Leaving out pictures, output exactly the lines below from the one that has "36X24 Acrylic Clear" through the one that has "Szwajcarski elegancki zegarek", and nothing else.

__EXCERPTED DATA__.
======
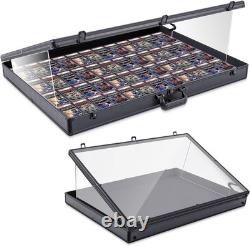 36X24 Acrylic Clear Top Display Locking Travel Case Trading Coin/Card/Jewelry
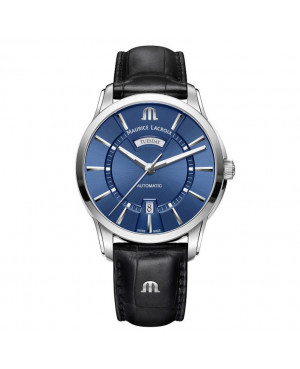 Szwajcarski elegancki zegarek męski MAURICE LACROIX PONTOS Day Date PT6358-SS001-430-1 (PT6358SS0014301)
======
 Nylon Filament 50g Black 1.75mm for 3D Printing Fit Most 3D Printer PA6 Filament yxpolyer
======
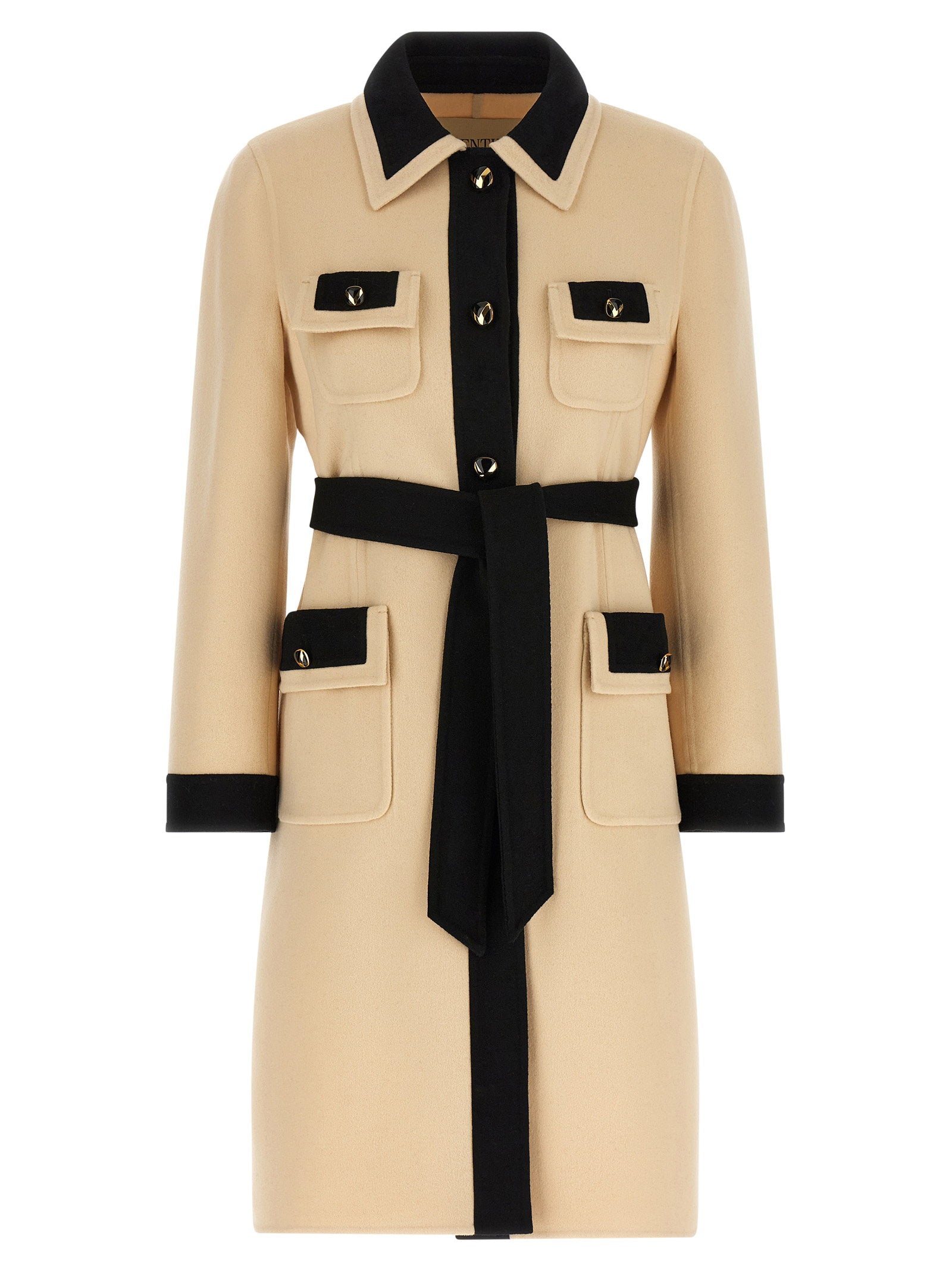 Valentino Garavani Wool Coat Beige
======
__EXERCISE ANSWER__.
 36X24 Acrylic Clear Top Display Locking Travel Case Trading Coin/Card/Jewelry
 Szwajcarski elegancki zegarek męski MAURICE LACROIX PONTOS Day Date PT6358-SS001-430-1 (PT6358SS0014301)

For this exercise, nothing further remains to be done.